**Exercise directions:**
Write out the listing below in its entirety, minus the pictures, without changing a word.

**Information supplied:**
************
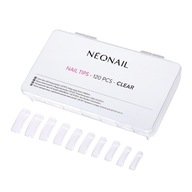 NeoNail Nail Tips priehľadné tipy na nechty s dlhým vreckom 120ks P1 NeoNail Nail Tips priehľadné tipy na nechty s dlhým vreckom 120ks P1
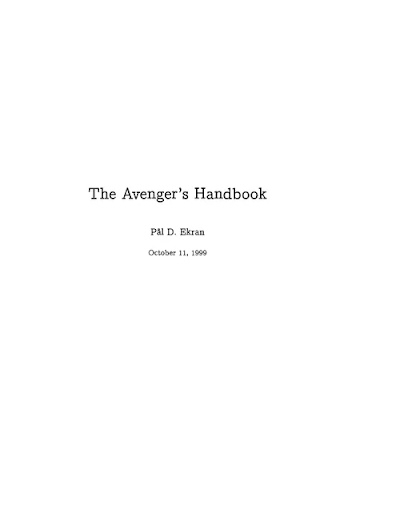 Avenger s Handbook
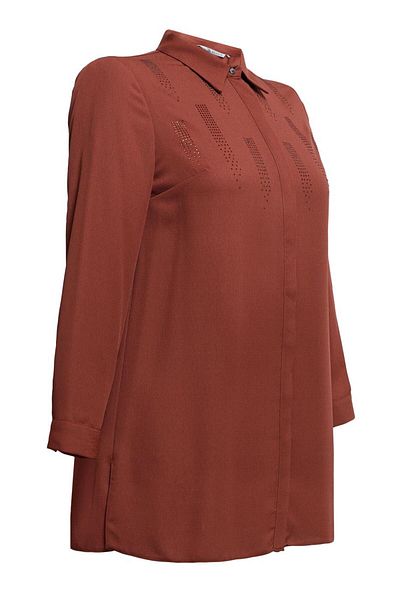 Alvina Large Size Stone Detailed Tunic 20397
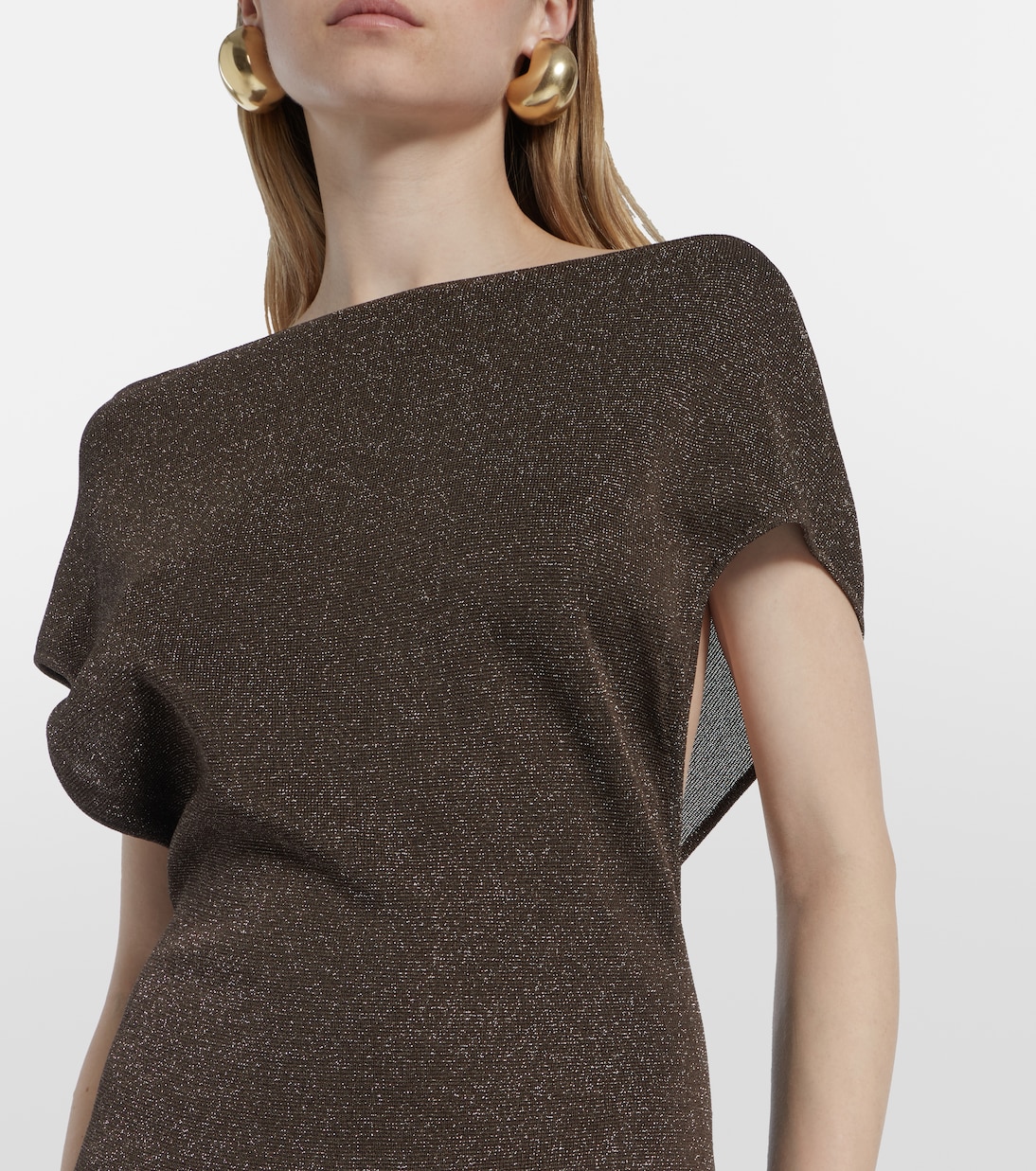 Abito lungo Eschimo con scollo a barchetta | Max Mara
************
**Exercise response:**
 NeoNail Nail Tips priehľadné tipy na nechty s dlhým vreckom 120ks P1 NeoNail Nail Tips priehľadné tipy na nechty s dlhým vreckom 120ks P1
 Avenger s Handbook
 Alvina Large Size Stone Detailed Tunic 20397
 Abito lungo Eschimo con scollo a barchetta | Max Mara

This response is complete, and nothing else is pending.